If anyone that sees this has a pair of these is going to Trexlertown, next month, bring them along with you as I can pick them up, there that Sunday morning, October 5th.

Jim.


----------



## Schwinndemonium (Sep 2, 2014)

Bump.

Anyone else?

The bike itself is not for sale.

Jim.


----------



## yeshoney (Sep 3, 2014)

*Pedals*

I have these for $50 shipped

TFGNJRG@aol.com


----------



## Schwinndemonium (Sep 3, 2014)

Check your email, yeshoney.

Thanks!! 

Jim.


----------



## Schwinndemonium (Sep 6, 2014)

*Still looking. Good things come to those that wait.*

I just want to bump this one more time on the remote possibility that someone here might have exactly what I really want for this bike, yet as I do want a set with the jewels in the end caps as well as the triple side jewels. In the meantime, I did buy yeshoney's set as a temporary fix. Thanks, Joe!

In the meantime, I am still looking.

Jim.


----------



## 47jchiggins (Sep 7, 2014)

*Pedals*

Hi Jim, 

These are not NOS and do not have the reflector on the end but they are in pretty good shape and will clean up nicely, $50 or trade for some Balloon Tire Higgins stuff.

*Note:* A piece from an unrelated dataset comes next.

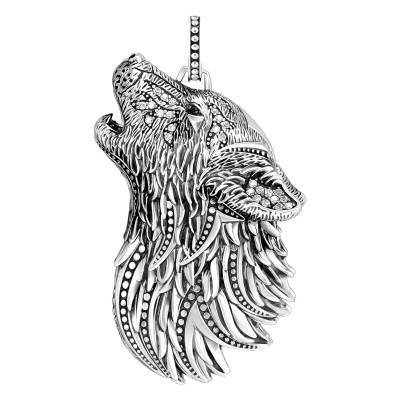 Pendentif Rebel Wolf en Argent 925 & Zircones - PE966-643-21 - Thomas Sabo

PS, I grew up between Reading and Lancaster, now in Virginia Beach.

Todd


----------



## Schwinndemonium (Sep 13, 2014)

Bump. Bring any presentable 7 (SEVEN) jeweled Murray/ Wald made bowed pedals to Trexlertown. For my 1963 Strato Flite. Not looking for another set of six jeweled pedals. Already have a set of those. Pedals that I want MUST have the end cap jewel as posted in the first posting of this thread, and preferably black tread blocks with white stripes. Will consider white treads with black stripes as well. Priced within reason.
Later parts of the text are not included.